Collected data.
---

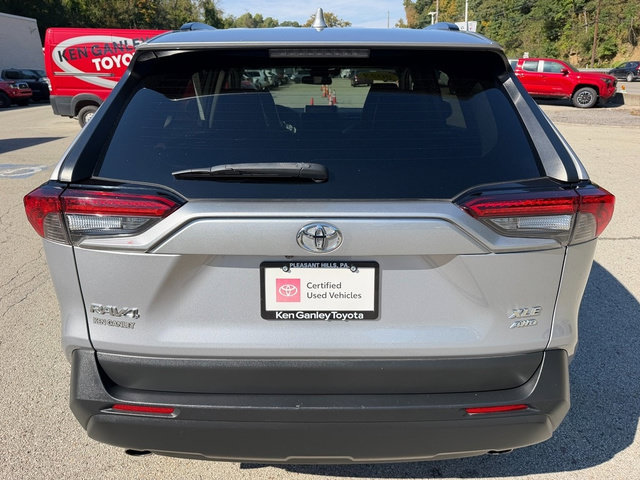 Certified 2023 Toyota RAV4 XLE Premium AWD/4WD image 5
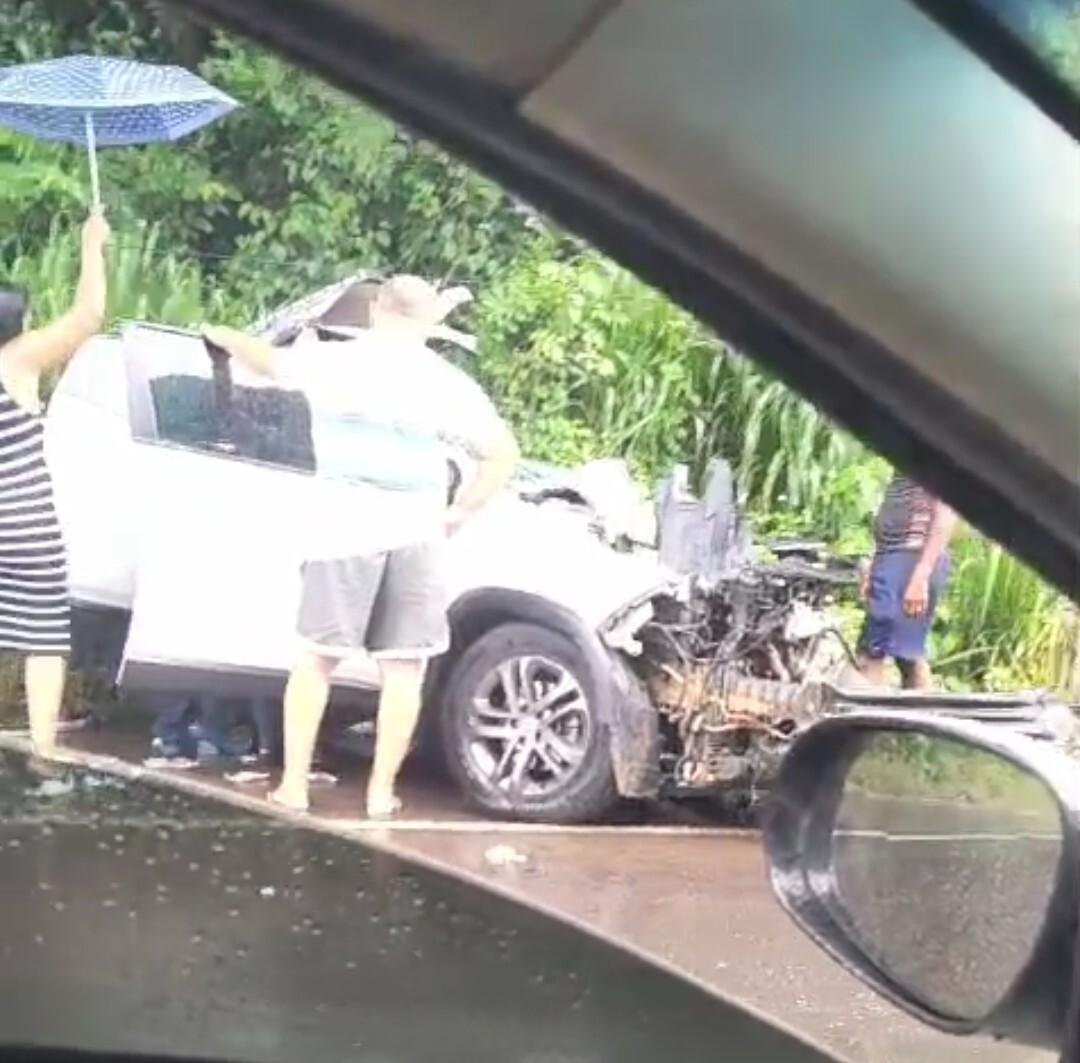 COLISÃO ENTRE ÔNIBUS E CARRO DE PASSEIO DEIXA VÍTIMA FATAL NA RODOVIA ILHÉUS–ITABUNA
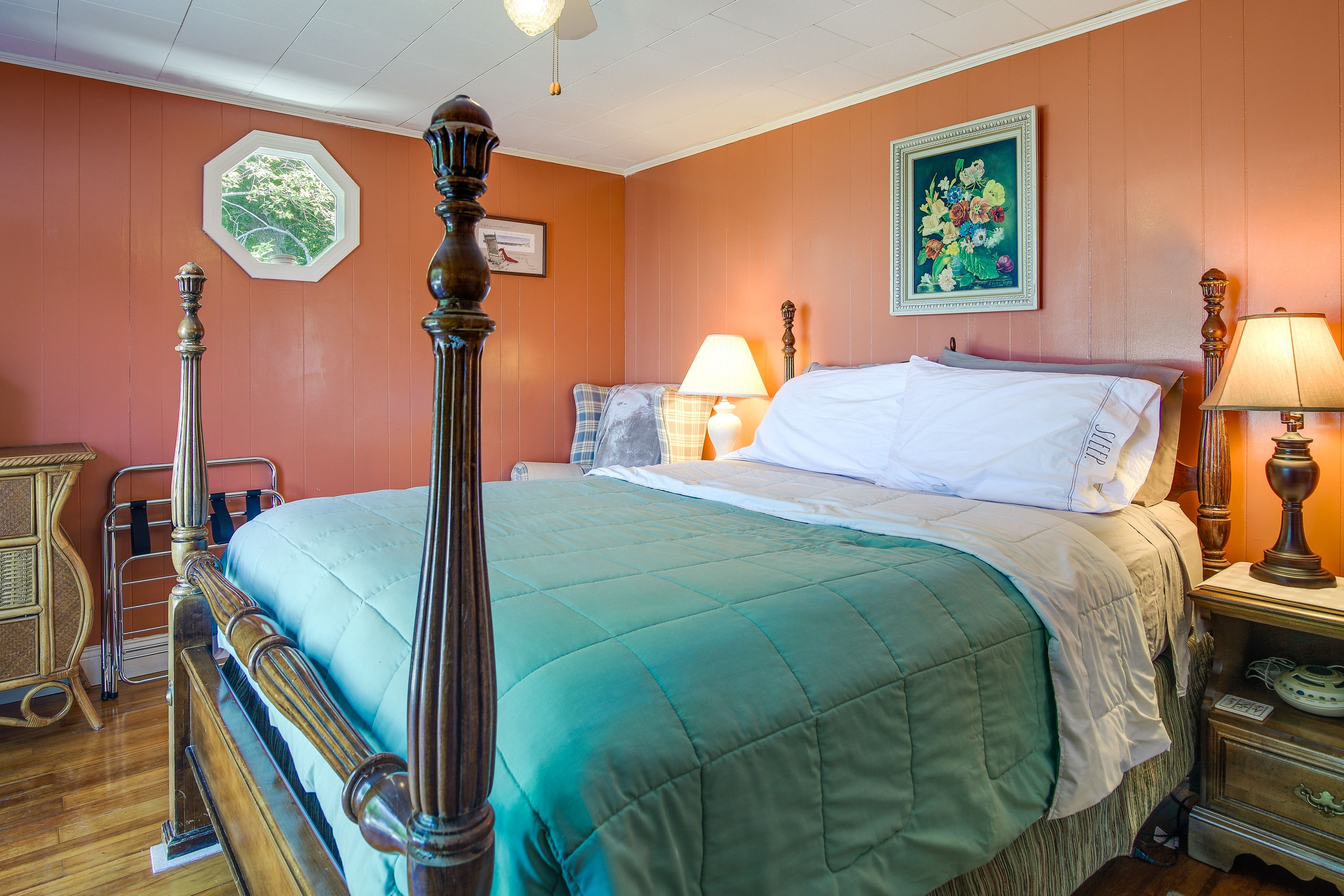 Bedroom 1 | Queen Bed | Linens Provided | Deck Access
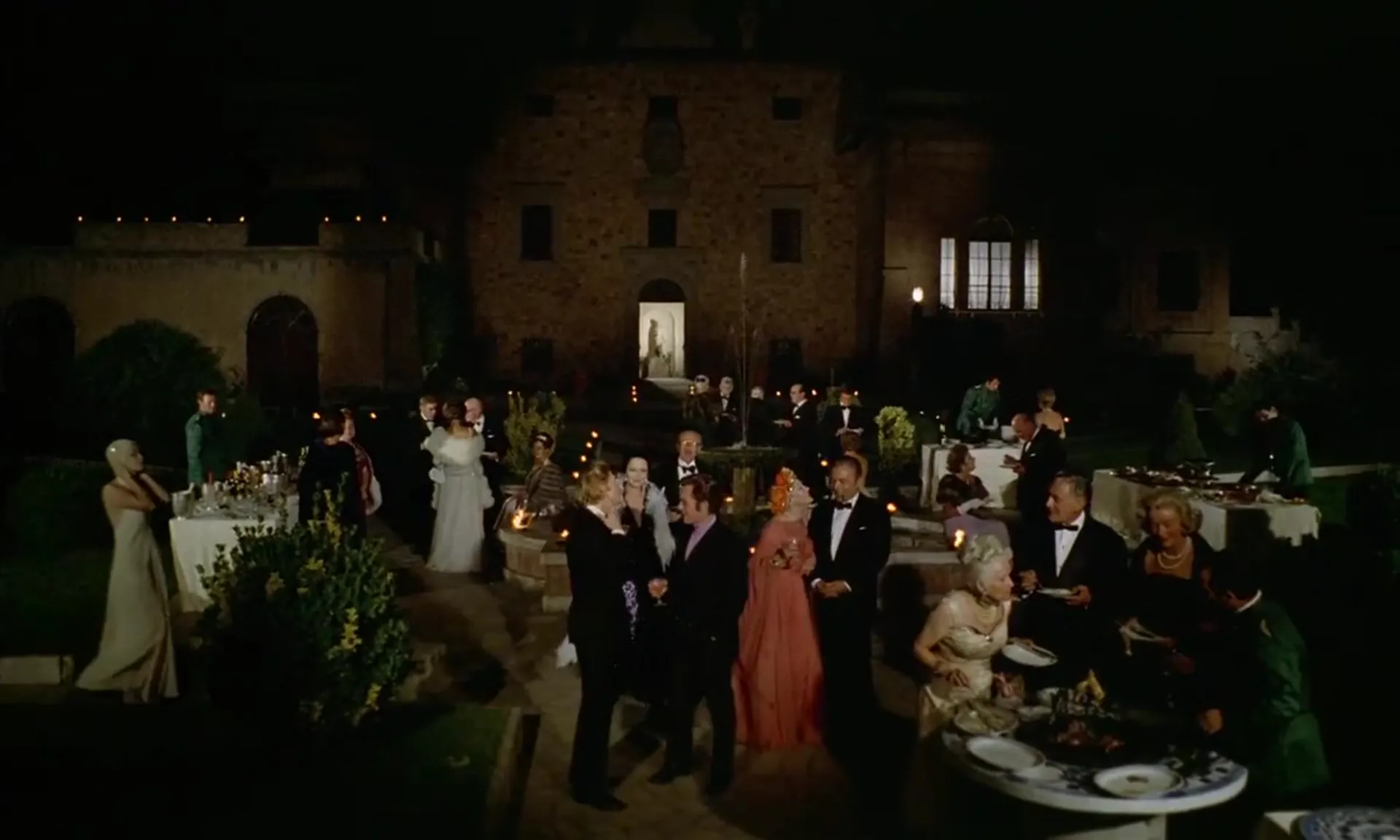 Dorian Gray scene still 5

---

Exercise objective.
Word for word, reproduce all of the data, but keep out the pictures.

Answer space.
 Certified 2023 Toyota RAV4 XLE Premium AWD/4WD image 5
 COLISÃO ENTRE ÔNIBUS E CARRO DE PASSEIO DEIXA VÍTIMA FATAL NA RODOVIA ILHÉUS–ITABUNA
 Bedroom 1 | Queen Bed | Linens Provided | Deck Access
 Dorian Gray scene still 5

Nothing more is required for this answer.